## REQUIRED WORK:
Scan the records and identify every line in which the string "Size" occurs, then return those lines.

## SOURCE MATERIAL:
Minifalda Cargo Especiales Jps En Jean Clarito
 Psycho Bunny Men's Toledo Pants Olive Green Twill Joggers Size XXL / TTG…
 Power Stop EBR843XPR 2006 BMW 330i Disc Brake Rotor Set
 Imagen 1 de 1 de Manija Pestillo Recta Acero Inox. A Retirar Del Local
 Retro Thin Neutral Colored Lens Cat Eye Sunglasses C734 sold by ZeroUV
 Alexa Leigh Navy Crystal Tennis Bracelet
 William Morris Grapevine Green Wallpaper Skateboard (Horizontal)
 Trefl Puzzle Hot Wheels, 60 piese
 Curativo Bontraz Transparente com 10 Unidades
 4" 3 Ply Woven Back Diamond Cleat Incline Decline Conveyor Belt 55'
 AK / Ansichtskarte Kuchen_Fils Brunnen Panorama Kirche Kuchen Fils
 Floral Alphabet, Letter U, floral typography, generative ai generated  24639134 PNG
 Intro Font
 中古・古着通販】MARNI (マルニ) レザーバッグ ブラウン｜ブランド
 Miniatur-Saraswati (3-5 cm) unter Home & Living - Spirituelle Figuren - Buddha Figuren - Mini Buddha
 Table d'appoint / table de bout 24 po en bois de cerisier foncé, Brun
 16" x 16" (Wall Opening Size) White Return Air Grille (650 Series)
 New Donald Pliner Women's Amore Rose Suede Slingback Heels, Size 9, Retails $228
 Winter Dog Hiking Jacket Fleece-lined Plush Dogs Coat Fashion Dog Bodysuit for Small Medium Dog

## YOUR RESPONSE:
 Psycho Bunny Men's Toledo Pants Olive Green Twill Joggers Size XXL / TTG…
 16" x 16" (Wall Opening Size) White Return Air Grille (650 Series)
 New Donald Pliner Women's Amore Rose Suede Slingback Heels, Size 9, Retails $228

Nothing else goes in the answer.